Why do we need Excel Template ?

Create a Template in Excel 2010

A template in Excel is a spreadsheet file containing common data and formatting options that is used as a model for other spreadsheets.

  1.  Formatting can include font and layout changes, conditional formatting, color changes, and any other available options.
  2. Charts can added to the template file as can formulas, functions, look up tables, and macros.

Steps to creating a template in Excel

  1. Enter all of the necessary data.
  2. Add or remove rows and columns as needed.
  3. Create formulas, charts and other options.
  4. Apply all formatting options.

 To save the template once all changes have been made to your spreadsheet:

  1. Click on the office button to open the drop down menu.
  2. Choose the Save As option.
  3. Choose the Other formats option.
  4. Choose the Save As option to open the Save As dialog box.
  5. Click on the Save as type option to open the drop down list.
  6. Scroll through the list to find the template options.

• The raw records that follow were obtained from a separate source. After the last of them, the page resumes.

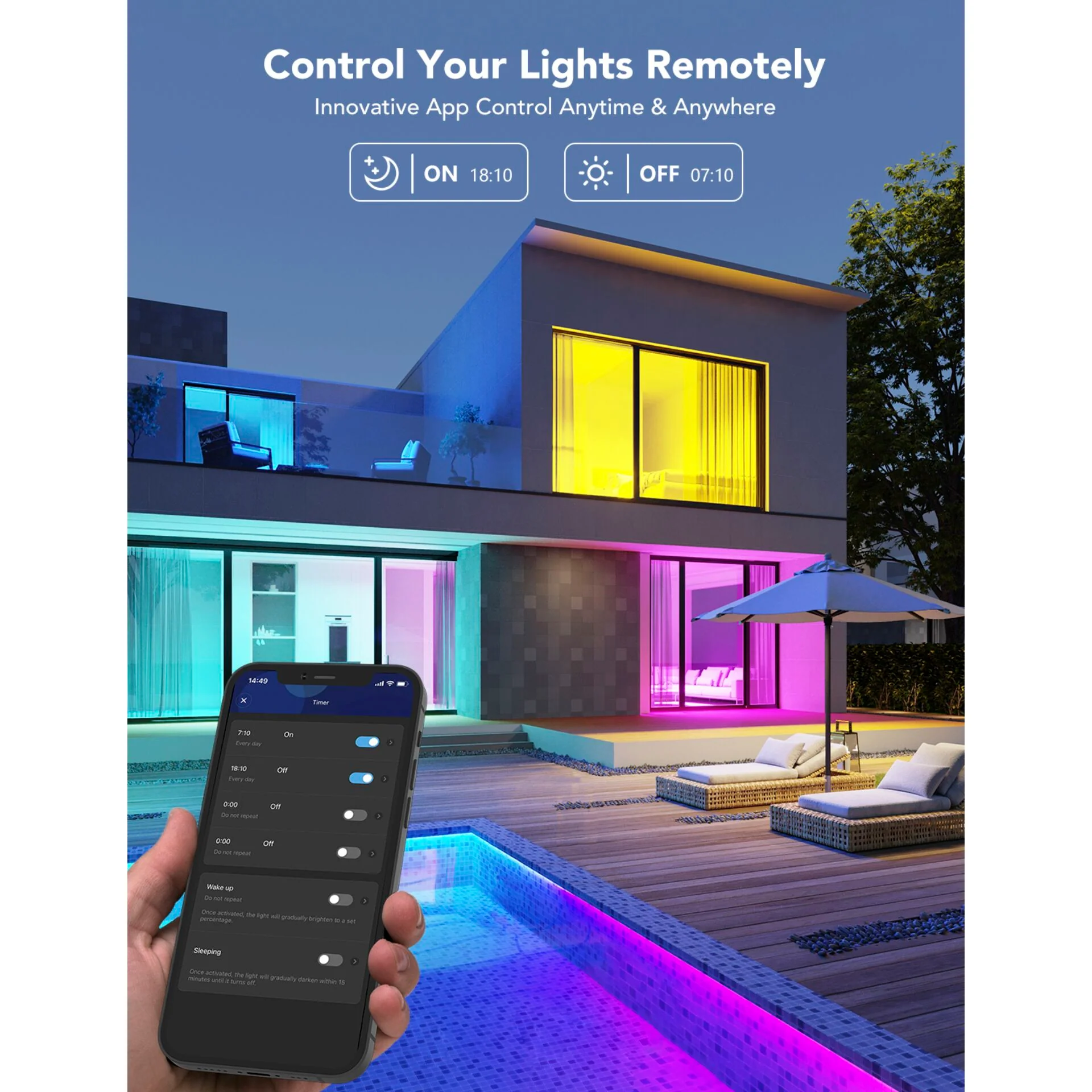 Govee Wi-Fi RGBIC LED Strip Lys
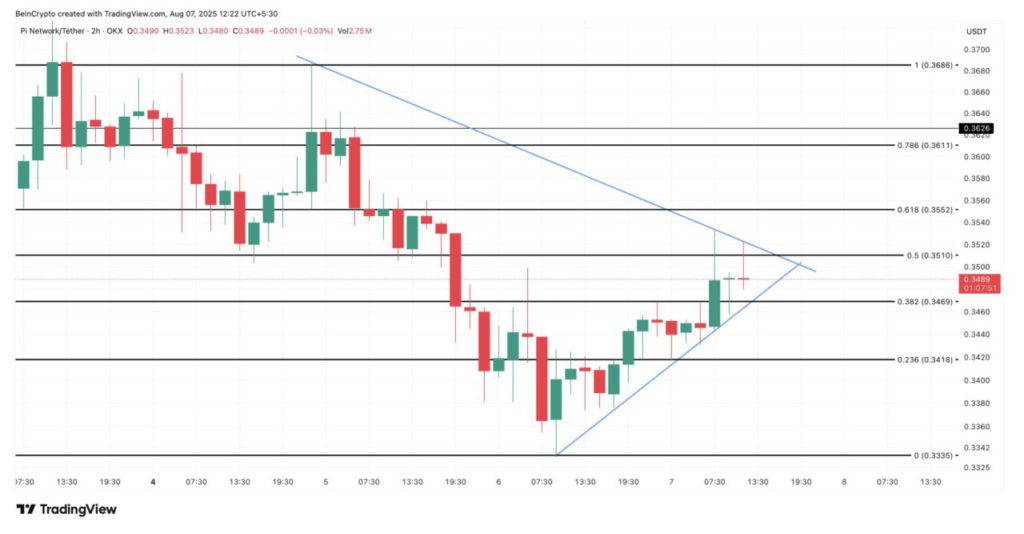 Harga Pi Network Naik 5% Hari Ini (8/8/25): Apakah Pi Coin Mulai Pulih? image 3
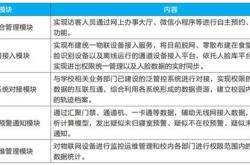 餐饮营销案例100例中的营销方法(天天爆满)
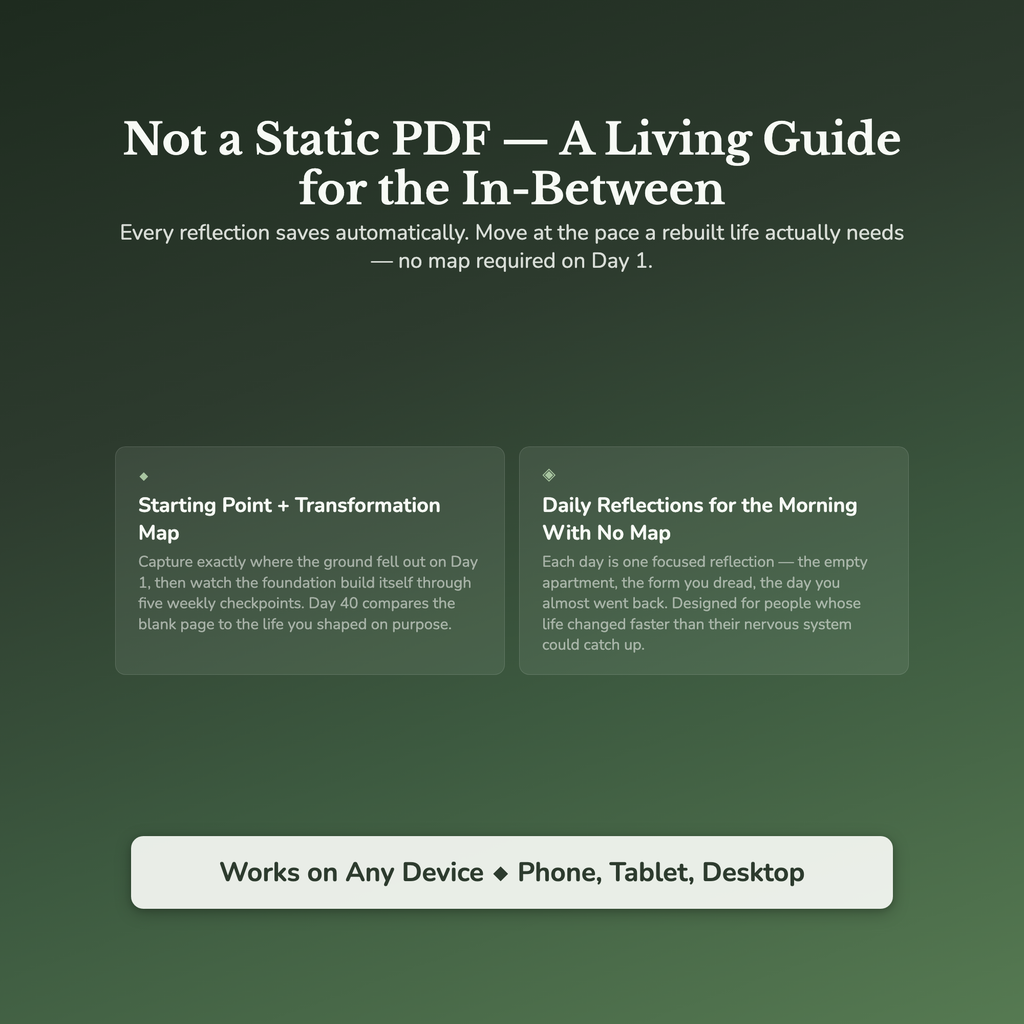 Fresh Start Workbook & 40-Day Guide — interactive features and tools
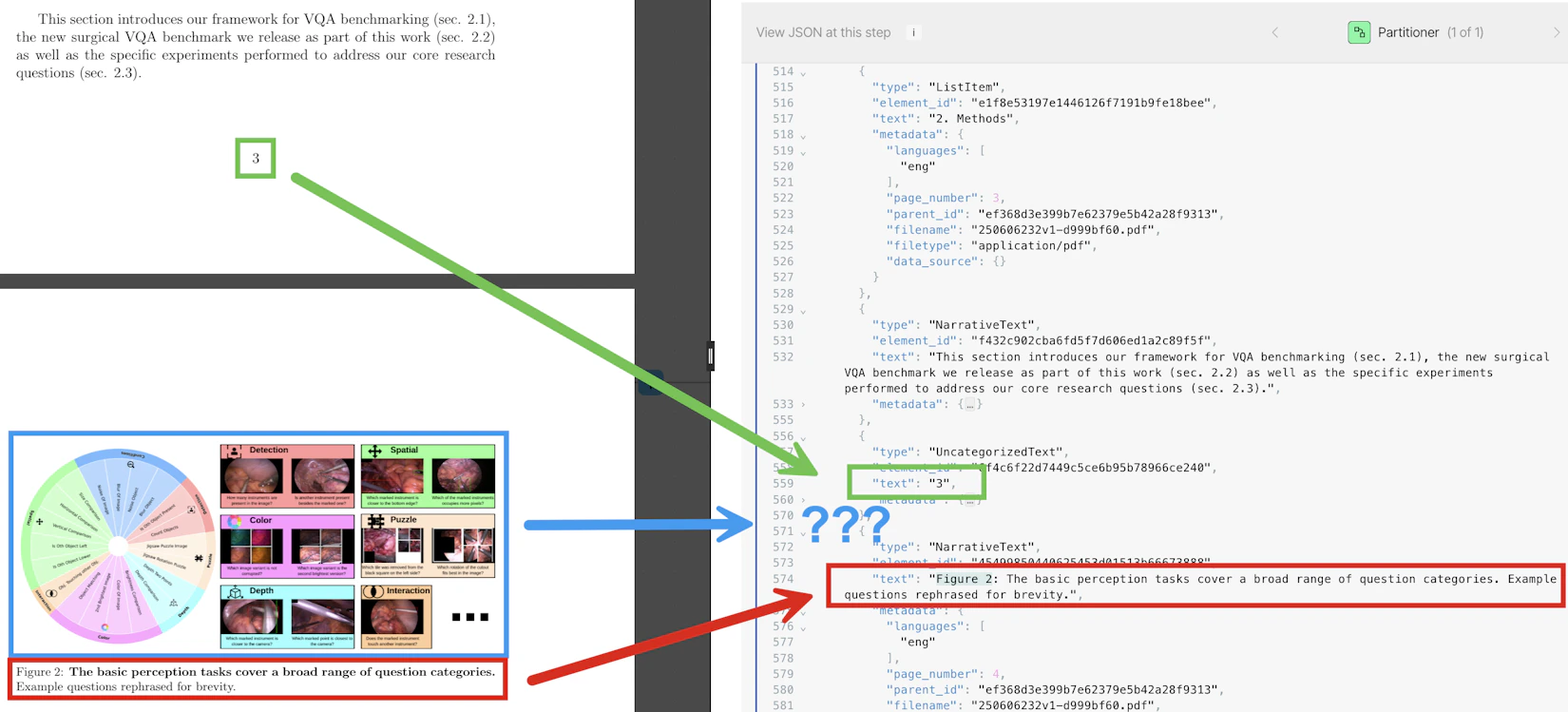 Partitioning Unstructured partitioning-unstructured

There are three templates that can be created in Excel:

  1. Excel Template (*.xltx)
  2. Excel Macro Enabled Template (*.xltm)
  3. Excel 97 – 2003 Template (*.xlt)

If your template contains macros:

  1. choose the Macro Enabled Template (*.xltm) option
  2. If you plan to use your template with older versions of Excel:
  3. choose the Excel 97 – 2003 Template (*.xlt) option

For all other templates:

choose the Excel Template (*.xltx) option

Once saved, your template is stored in the templates folder on your computer.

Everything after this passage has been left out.